My children live in the UK, and hold a non EU passport. They were refused a Schengen visa to Spain this summer.

Whilst they got a visa last summer, they submit their application travelling with the parents, British nationals.

The documentations provided:

After visa fees payment made.

  • The filled application form, where they clearly state they are children of an EU national.
  • Their passport showing their visa to the UK, and the Schengen visa for our previous holiday in Spain.
  • A copy of mother’s passport.
  • Both children’s copy of birth certificate.
  • Both children’s letter from their respective school, stating that they are students.
  • My daughter (20 years old) bank statement with £800
  • Proof documentation showing my partner, as the owner of the villa in Spain.
  • A support letter from my partner, allowing the children to stay in his property in Spain.
  • A copy of one utility bill of his house in Spain.
  • A copy of my partner’s passport.
  • A parental authorisation from me, the mother, signed and stamped by a solicitor, approving the application for a visa for my son who is minor.
  • Ryanair flight ticket for each of the children to Spain
  • A travel insurance for both children.

The reason of refusal:

  • For my daughter of 20 years old: No sufficient subsidence funds.
  • For my minor son: No sufficient subsidence fund / No document from Spanish consulate in Edinburgh allowing a minor to travel on his own.

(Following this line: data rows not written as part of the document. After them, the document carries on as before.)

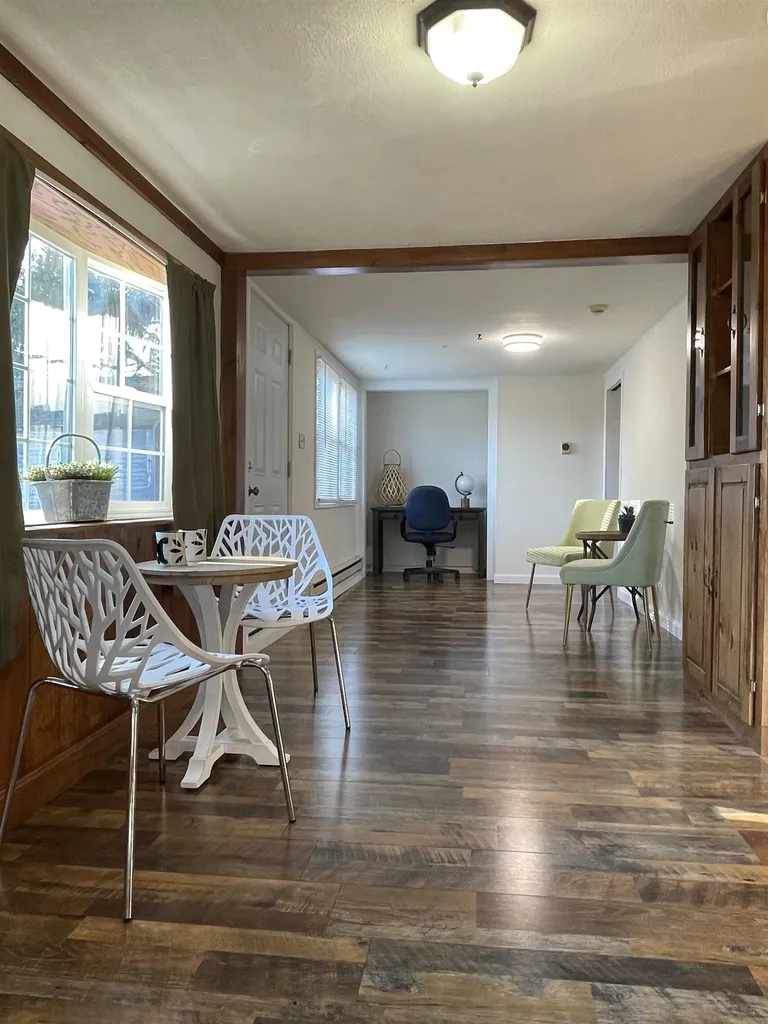 11 North Road Kingston NH 03848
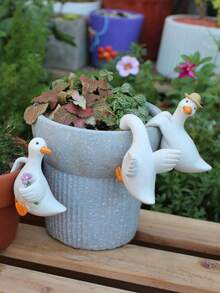 Cute Climbing Duck Planter Hanger, Hanging Garden Duck Sculpture Decor, Indoor/Outdoor Adorable Duck Art Decoration, Home Duck Decor, Yard Garden Balcony And Office Decoration, Valentine's Day Decor, Gift - Animal - View 7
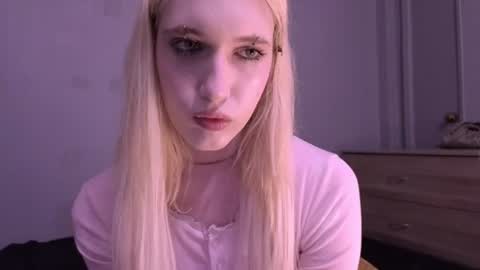 sweetcrystalll online show from 06-27-26, 08:47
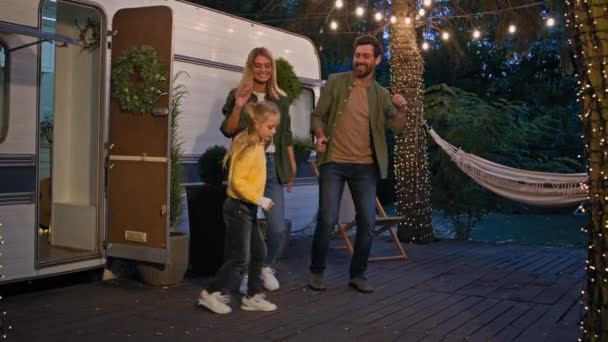 Vit Familj Glad Rolig Dans Till Musik Camping Utomhus Kvällen — Stockvideo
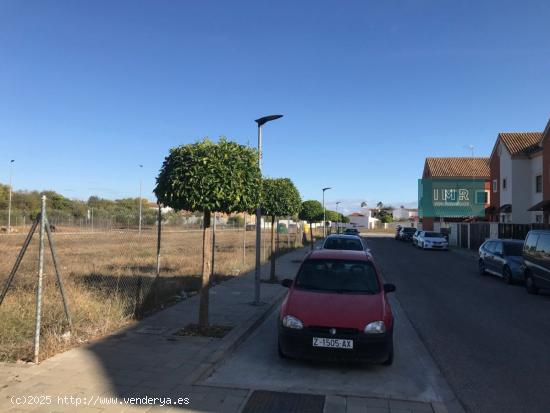 Solar para uso terciario en Benacazón. - SEVILLA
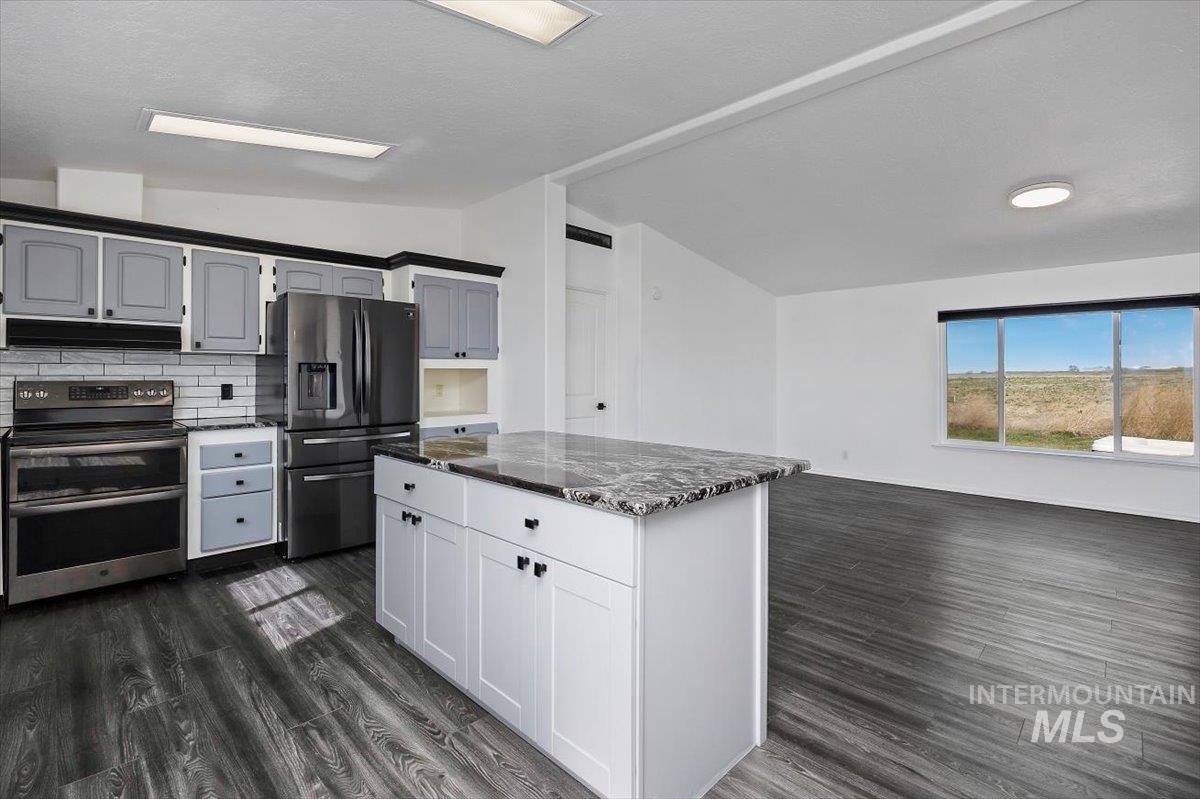 3485 S 2000 E, Wendell, Idaho 83355, 4 Bedrooms, 2 Bathrooms, Residential For Sale, Price $405,000,MLS 98978967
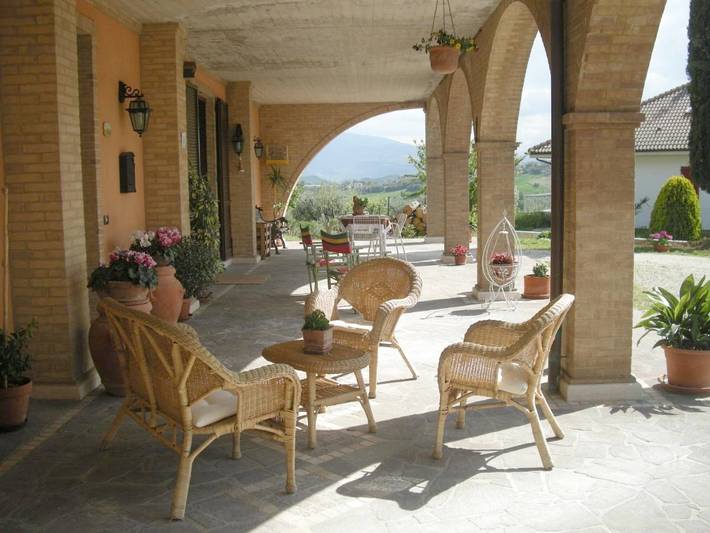 Chambre d’hôte pour 2 personnes, avec Balcon et Terrasse ainsi que Jardin et Vue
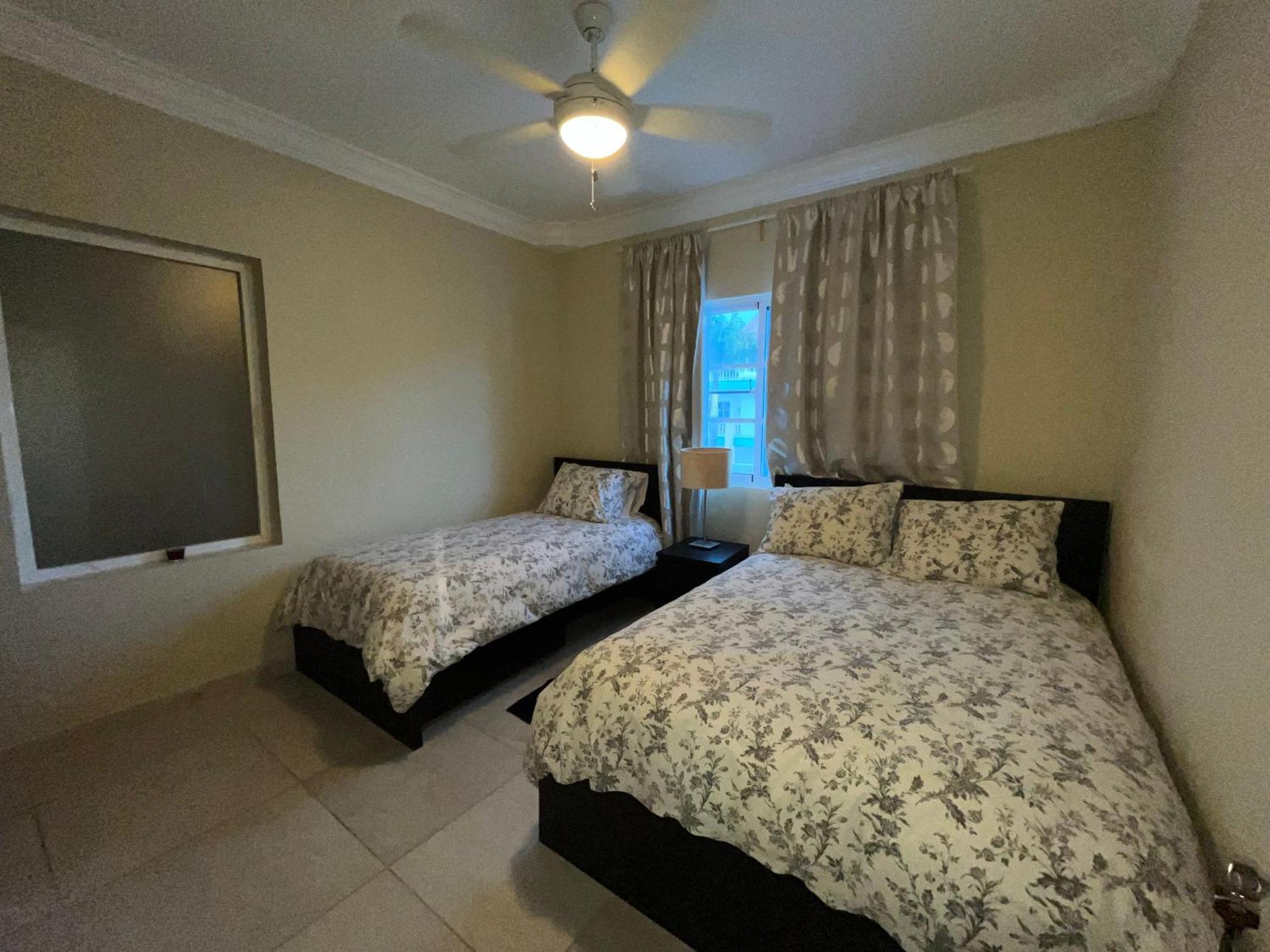 Luxury Penthouse With Pool, Bbq, Ac, Wi-fi, 5-min Walk To El Cortecito & Bavaro Beaches, Apartamento Punta Cana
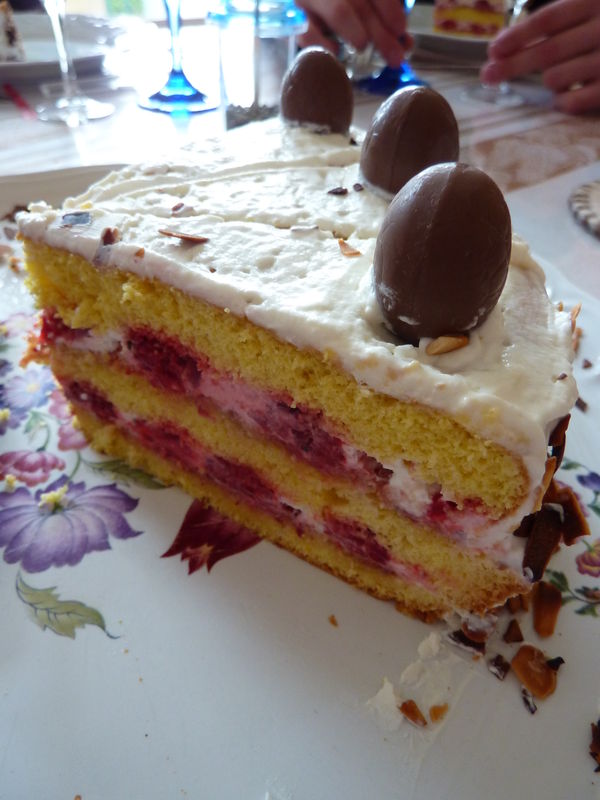 Gâteau de Pâques aux framboises
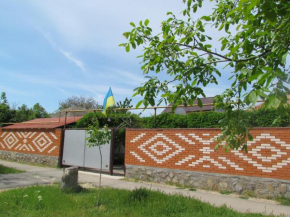 Отель Zatyshnyi Dvir  Счастливцево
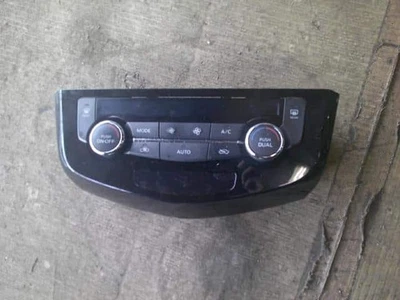Panel de control de aire acondicionado Nissan X-Trail 2014 DBA-T32 275004BA1A [usado] [PA107153395] Foto 1 de 2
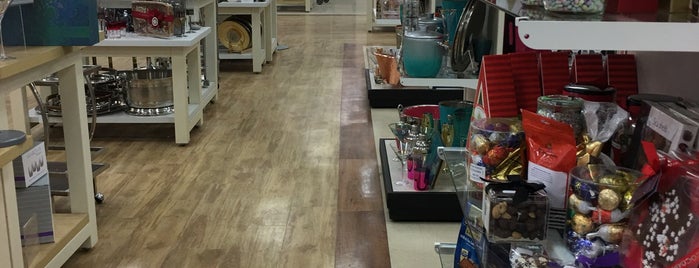 HomeGoods is one of Rayさんのお気に入りスポット.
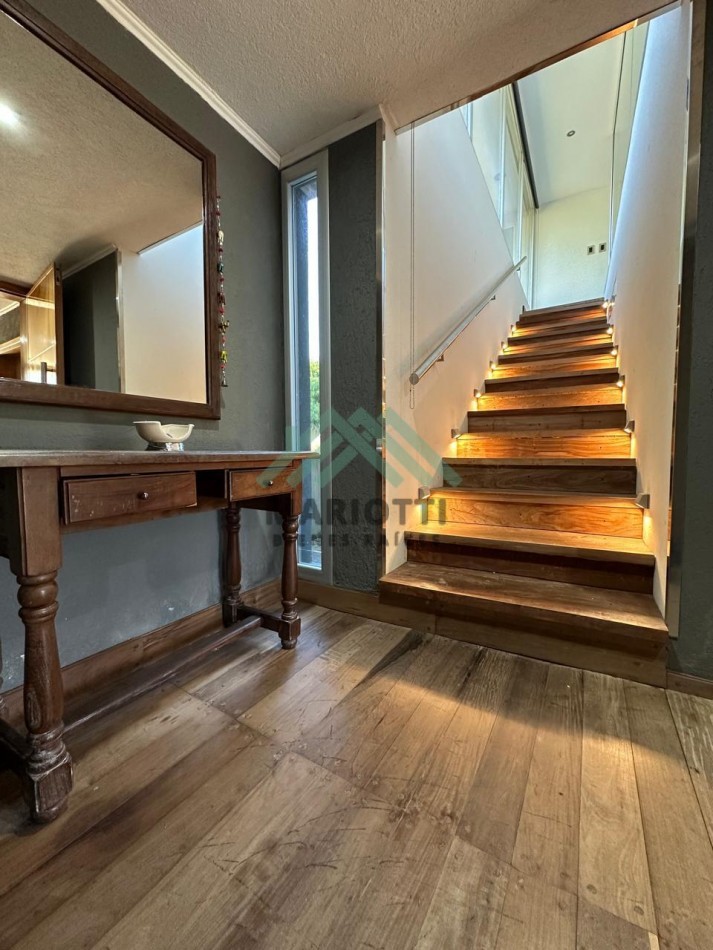 2026 - COSTA ESMERALDA - OPORTUNIDAD - EN VENTA - MODERNA CASA DE HORMIGON 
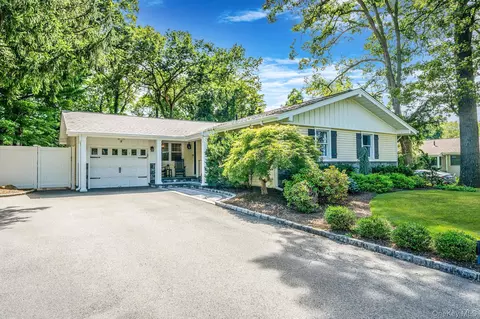 85 Eagle Ln, Hauppauge, NY 11788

Please can you advise if they did the right thing?

  • What kind of visa are they applying for? And will they be travelling alone, or with the British parent?
    – Gagravarr
    Aug 11, 2015 at 7:46
  • 1
    Are they travelling with you this time? If they are not travelling with you/joining you, the regular rules apply so it's not unexpected that getting a visa would be more difficult than last year. You could possibly add some documents about your finance/some statement that you pay for their holiday but you will need to submit a fresh application now.
    – Relaxed
    Aug 11, 2015 at 9:20

2 Answers 2


It seems to me your children did the right thing as they submitted everything they should/could. But if the amount of money is not enough for the trip (see @pnuts' comment for some details), the consulate also did the right thing by refusing to issue the visa. Since your children are travelling alone this time, they are not covered by EU freedom of movement rules and your being a British citizen is not directly relevant so it's not unexpected that getting a visa would be more difficult.

The reason for the refusal is straightforward and the obvious solution is to get (or show that you have) more money. Some documentation of your finances (pay stubs, bank statement…) and a statement that you would pay for living expenses (not unusual for children, certainly for minors) should help. Without that, the consulate only has your word and GBP 800 for two people, which might not be enough to meet their guidelines.

I don't know about this document for minors travelling alone, the consulate can presumably help you with that.

Once you have all that, the only practical course of action at this point is to start a fresh application.


If you are a British citizen, then your children are too, whether they want to be or not. If this is going to be a frequent problem in the future, it may be time to get them British passports. It takes time and trouble, but when it's done they are Europeans.

(Unless the UK leaves the EU in the meantime, of course.)

Here is the official site: https://www.gov.uk/government/publications/chapter-20-british-citizenship-by-descent-and-otherwise-than-by-descent-nationality-instructions

And I hope I am allowed to mention here that Wikipedia has a lot of useful links too.

  • 2
    Do you have any references for your claims?
    – JoErNanO
    Feb 26, 2016 at 13:58
  • @JoErNanO I added a link so please lose the downvote...
    – RedSonja
    Feb 26, 2016 at 14:11
  • 3
    From your link: "British citizens by descent cannot transmit their citizenship to children born abroad except in the circumstances described in Chapter 4.". Looks like your implication is not always valid. (I didn't downvote) Feb 26, 2016 at 14:12
  • Ah. She didn't say how she became British. The rules are not simple. I assumed British with all rights - as I am, that's how I know about it. If you are 2nd or 3rd generation abroad it may not be possible. But she's in Edinburgh.
    – RedSonja
    Feb 26, 2016 at 14:16
  • A naturalized citizen is unlikely to transmit citizenship to their existing children, especially if already adults.